Sculpture in Columbus, Ohio, U.S.

The Newsboy is a bronze sculpture of a newspaper carrier in Columbus, Ohio, United States. The statue, created by artist Bruce Hanners, is located outside the 8 on the Square condominium building, on Broad Street in the Capitol Square area of downtown Columbus.

==Description==
The sculpture depicts a paperboy wearing a hat, scarf, and winter coat. The figure holds up vintage newspapers from The Columbus Dispatch and The Columbus Citizen-Journal, while standing beside a stack of newspapers. The newspapers include text about the founding of the organization and list its contributors.

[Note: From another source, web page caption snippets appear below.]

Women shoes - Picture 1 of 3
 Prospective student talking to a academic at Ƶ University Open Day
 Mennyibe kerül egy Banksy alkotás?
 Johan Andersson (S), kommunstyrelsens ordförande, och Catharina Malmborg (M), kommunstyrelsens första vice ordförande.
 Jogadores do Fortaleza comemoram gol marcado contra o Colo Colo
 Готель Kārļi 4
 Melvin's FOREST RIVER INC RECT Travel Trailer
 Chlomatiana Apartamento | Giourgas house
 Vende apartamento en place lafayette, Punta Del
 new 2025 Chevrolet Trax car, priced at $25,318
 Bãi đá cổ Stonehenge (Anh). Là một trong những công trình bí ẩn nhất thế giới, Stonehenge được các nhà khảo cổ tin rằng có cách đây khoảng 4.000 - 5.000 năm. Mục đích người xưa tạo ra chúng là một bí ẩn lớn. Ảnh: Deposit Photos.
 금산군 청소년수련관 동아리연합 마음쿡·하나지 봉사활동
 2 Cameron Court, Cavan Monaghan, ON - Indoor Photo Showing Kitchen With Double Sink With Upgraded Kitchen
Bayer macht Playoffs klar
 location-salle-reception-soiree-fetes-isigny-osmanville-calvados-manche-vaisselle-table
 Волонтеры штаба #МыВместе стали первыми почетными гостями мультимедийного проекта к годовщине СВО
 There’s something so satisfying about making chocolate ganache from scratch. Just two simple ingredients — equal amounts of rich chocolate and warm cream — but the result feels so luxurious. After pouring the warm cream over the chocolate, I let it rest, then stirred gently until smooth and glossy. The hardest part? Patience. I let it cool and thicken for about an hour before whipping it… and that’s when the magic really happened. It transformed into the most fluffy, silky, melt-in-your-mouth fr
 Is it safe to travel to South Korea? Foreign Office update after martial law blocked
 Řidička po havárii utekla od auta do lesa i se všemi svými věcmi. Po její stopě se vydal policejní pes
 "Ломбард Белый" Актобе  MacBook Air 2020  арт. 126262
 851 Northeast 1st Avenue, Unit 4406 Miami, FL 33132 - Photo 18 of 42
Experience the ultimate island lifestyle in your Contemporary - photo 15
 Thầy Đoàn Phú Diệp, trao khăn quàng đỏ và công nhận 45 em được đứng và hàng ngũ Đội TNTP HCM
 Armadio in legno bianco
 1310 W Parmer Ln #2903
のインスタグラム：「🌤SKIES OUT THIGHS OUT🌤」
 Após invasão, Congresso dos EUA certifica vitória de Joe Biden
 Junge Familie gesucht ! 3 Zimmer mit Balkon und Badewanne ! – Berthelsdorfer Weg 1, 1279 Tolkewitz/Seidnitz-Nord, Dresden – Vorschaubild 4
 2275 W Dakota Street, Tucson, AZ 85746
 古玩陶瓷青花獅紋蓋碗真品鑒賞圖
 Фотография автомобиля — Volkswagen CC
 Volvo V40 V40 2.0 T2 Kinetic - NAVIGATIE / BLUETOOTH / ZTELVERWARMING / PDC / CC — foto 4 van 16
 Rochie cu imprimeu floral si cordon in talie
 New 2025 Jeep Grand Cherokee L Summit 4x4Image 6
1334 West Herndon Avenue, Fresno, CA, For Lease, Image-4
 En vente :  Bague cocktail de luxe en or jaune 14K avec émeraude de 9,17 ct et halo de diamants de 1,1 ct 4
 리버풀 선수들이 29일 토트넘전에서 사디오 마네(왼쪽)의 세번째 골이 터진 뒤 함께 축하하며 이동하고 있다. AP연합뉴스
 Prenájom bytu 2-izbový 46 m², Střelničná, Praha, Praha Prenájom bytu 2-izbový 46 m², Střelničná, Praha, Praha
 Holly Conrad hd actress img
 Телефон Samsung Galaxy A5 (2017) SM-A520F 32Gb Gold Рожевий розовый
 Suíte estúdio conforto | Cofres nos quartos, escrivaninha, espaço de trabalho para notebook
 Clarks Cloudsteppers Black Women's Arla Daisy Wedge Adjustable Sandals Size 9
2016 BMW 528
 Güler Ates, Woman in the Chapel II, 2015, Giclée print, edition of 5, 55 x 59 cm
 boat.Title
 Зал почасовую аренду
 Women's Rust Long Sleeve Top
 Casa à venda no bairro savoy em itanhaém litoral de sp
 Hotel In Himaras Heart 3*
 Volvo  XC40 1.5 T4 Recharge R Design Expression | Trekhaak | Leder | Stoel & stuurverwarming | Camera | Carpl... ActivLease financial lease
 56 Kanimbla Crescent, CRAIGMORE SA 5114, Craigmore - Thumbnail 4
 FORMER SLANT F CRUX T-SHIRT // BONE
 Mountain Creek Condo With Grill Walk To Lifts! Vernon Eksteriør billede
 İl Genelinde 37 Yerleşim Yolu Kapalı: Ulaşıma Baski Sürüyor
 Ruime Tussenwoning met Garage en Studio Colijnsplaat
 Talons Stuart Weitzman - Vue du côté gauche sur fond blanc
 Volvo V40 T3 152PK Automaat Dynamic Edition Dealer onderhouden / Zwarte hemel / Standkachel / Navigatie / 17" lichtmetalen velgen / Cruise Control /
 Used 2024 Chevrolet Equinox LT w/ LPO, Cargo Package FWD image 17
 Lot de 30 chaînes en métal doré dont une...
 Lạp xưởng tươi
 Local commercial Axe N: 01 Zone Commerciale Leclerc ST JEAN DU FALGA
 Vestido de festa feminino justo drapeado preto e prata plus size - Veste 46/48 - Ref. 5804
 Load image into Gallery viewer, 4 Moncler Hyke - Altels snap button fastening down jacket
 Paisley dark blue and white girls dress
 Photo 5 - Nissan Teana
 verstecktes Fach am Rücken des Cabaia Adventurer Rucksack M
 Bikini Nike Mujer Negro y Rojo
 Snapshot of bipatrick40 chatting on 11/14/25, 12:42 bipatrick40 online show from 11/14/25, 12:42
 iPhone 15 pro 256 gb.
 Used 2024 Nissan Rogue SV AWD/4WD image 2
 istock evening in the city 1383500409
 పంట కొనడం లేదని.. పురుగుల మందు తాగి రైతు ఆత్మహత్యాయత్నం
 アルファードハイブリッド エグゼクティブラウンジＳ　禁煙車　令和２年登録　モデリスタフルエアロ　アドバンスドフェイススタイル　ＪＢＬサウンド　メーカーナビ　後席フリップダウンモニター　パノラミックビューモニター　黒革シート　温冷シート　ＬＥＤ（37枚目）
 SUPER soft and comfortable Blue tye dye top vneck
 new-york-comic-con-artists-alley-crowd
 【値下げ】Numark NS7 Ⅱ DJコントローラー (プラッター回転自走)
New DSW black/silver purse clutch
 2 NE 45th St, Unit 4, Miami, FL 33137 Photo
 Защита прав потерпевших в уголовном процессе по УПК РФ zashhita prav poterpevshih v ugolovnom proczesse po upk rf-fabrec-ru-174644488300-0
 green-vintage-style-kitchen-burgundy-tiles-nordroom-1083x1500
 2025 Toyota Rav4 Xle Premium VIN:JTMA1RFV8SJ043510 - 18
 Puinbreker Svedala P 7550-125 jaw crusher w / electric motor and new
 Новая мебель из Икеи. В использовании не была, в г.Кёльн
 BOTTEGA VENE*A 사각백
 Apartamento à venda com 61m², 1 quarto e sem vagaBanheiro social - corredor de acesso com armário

The statue is located by the corner of Broad and High Streets, where Charity Newsies was founded. A nearby plaque describes the founding event that took place there in 1907.

==History==
The statue was commissioned by Charity Newsies, an organization that raises funds to donate clothes to children in need. The organization is known for its volunteers selling special edition copies of The Columbus Dispatch annually to raise money for the organization. Charity Newsies held an unveiling ceremony for the statue in June 2018, commemorating its 110th anniversary, attended by Mayor Andrew Ginther.

The idea for the statue came from Tom Beck, a longtime member and past president of the organization. Beck contacted Bruce Hanners, the sculptor and a lab technician at the Columbus College of Art and Design, to design the work; he sculpted it with the help of student volunteers.